Andrea Blaugrund Nevins is writer and director of "The Other F Word," a documentary in theaters now, that explores how punk's ultimate anti-authoritarians become the ultimate authority, fathers.
Growing up in New York City, in the heyday of CBGBs, I used to cross the street to avoid punk rockers. It wasn't only the metal and follicular spikes that scared me, they exuded something very raw and angry. And I was likely an unappealing stereotype to them: a plaid-uniformed product of an all-girls' school, my Tretorns maybe a bit too clean. Better to keep a safe distance.
Until I gave birth to one. My third child was still a toddler when it became clear he was the punker his older siblings weren't. If they said something that even slightly smacked of pandering to his diminutive size or age, he'd look them right in the eye and tear up the artwork they'd just brought home. He took no prisoners.
The usual consequences for unruly behavior didn't work on him either. He had no vested interest in television or videos, candy or dessert, so bribes and deprivations held no value. If I took away his magnetic tiles, he'd build with sticks and rocks in the yard. Time outs elicited spiteful room reorganizing that resulted in shredded bedding and books, and a sly smile when he opened the door quietly.
He walked out on Mommy and Me where other kids would clap and sing in unison. He couldn't stand mandatory afternoon naps at pre-school, begged me to pick him up, "After snack?"
But, there was one class he liked. It was taught by Liz Memel, who ascribed to the RIE philosophy. She required her students do what they wanted to do (safely, obviously), and that we parents watch without intervening or commenting. If my son pushed a kid aside to get a block, so be it. If another kid grabbed the block away from him, there it was. They would work it out. Not us.
There were no fancy toys in the room, the theory being that the cardboard packing box is frequently a more satisfying plaything than a ball popper. DIY ruled, including during snack, when the kids served themselves juice from a plastic pitcher. Surprise: They were capable. And sometimes they got angry or upset. But we were asked to wait a few minutes and see if they wanted comfort.Perhaps, they could handle those feelings themselves. We were urged to resist the oft-used technique of distracting them from their very real feelings.
Authenticity. DIY. Their own rules.
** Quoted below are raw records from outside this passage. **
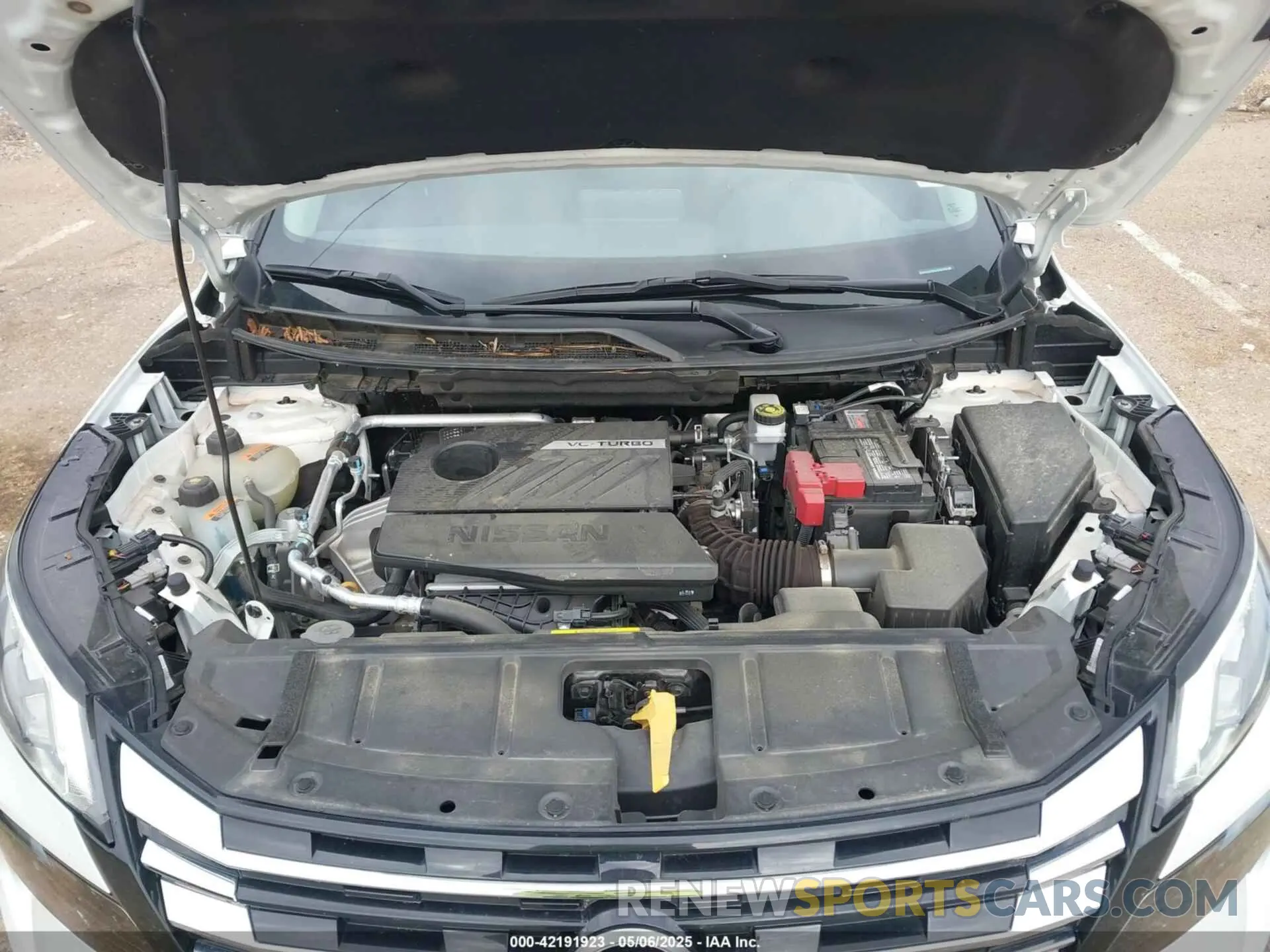 18 Photograph of a damaged car 5N1BT3BB4RC692397 NISSAN ROGUE 2024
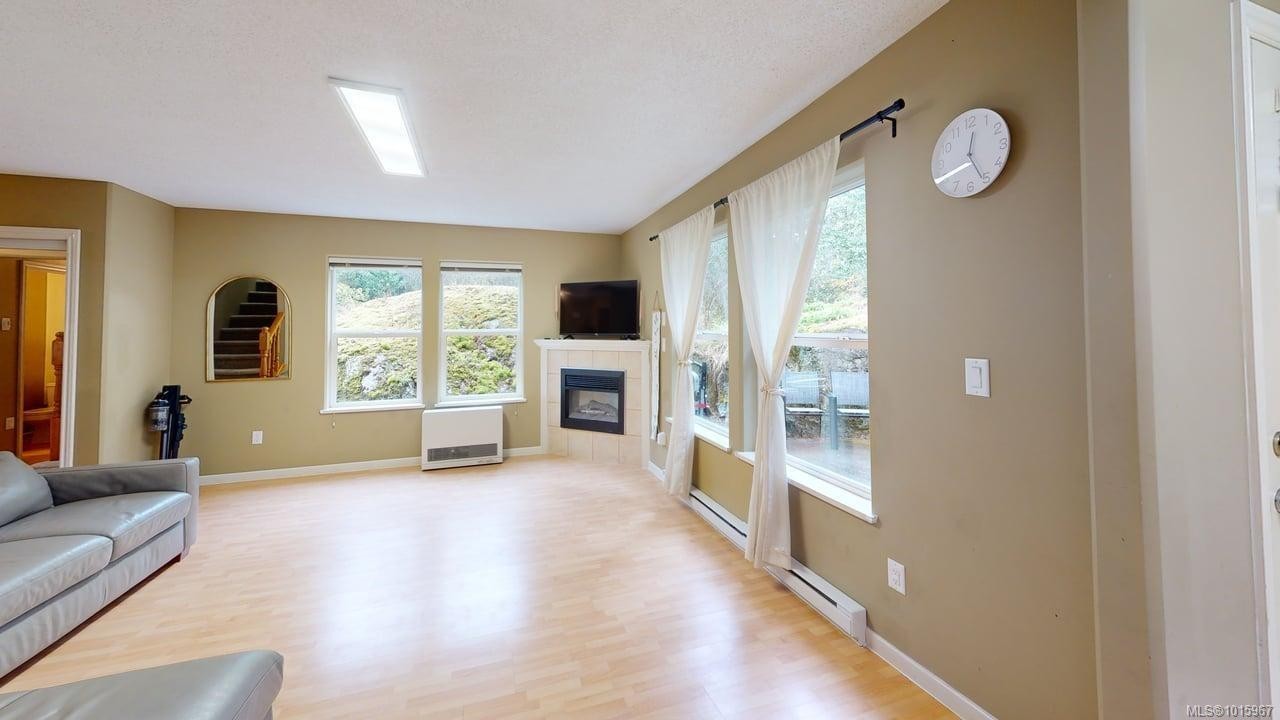 10-95 Talcott Rd, View Royal, BC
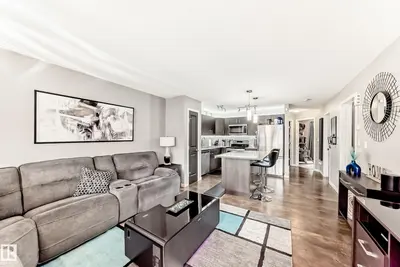 Interior photo 3 of #43 3305 Orchards LI SW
If I hadn't been studying the punk rock sub-culture for my film, "The Other F Word," I probably never would have called it, but Liz was teaching punk values. And my kid was thriving.
So how would I apply this at home when my son got angry and tore up his sister's science project? How could I accept the legitimacy of his feelings, but not the destruction? Jim Lindberg, who we follow most closely in "The Other F Word," was keenly aware as a teenager of the hypocrisy of the world around him, and the anger made him want to throw rocks through windows, but instead, he says,
"[I] learned to play music that sounded like a rock going through a window."
At four and a half, my youngest wasn't quite ready for his own electric guitar. Instead, we wrote a five-page book about what happens to his body when those feelings start to come over him and read it every night. We came up with a list of ways -- counting, breathing, pressing palms together hard -- to lasso the wild feelings before they went on the rampage. In spending this time with him -- and honoring his process -- I got to know the gentle soul that took the world's injustices so personally.
What I learned from my time in the punk world was that underneath the scary spikes is a poet, a perceptive and tender soul who sees and feels deeply, and reacts accordingly. I could see the struggling little boy beneath the off-putting exterior, the tantrum realized in a shock of blue hair and a fully tattooed torso.
When the film's trailer was released, I posted it on Facebook. The first person to respond was Liz Memel, my son's former teacher. She said she was happy to be seeing "this view of 'kids giving life' to their parents. (The kids') humanity coming out!"
Humanity. It really struck me, because it was the exact same word Tony Adolescent, of the old-school punk band, The Adolescents, used after he first saw the film. He said, "Thank you for showing our humanity." I would no longer cross the street to avoid punk rockers, and my youngest son no longer goes into rages. But it's clear he still feels, big and loud.
You know what he asked for his sixth birthday? Drums.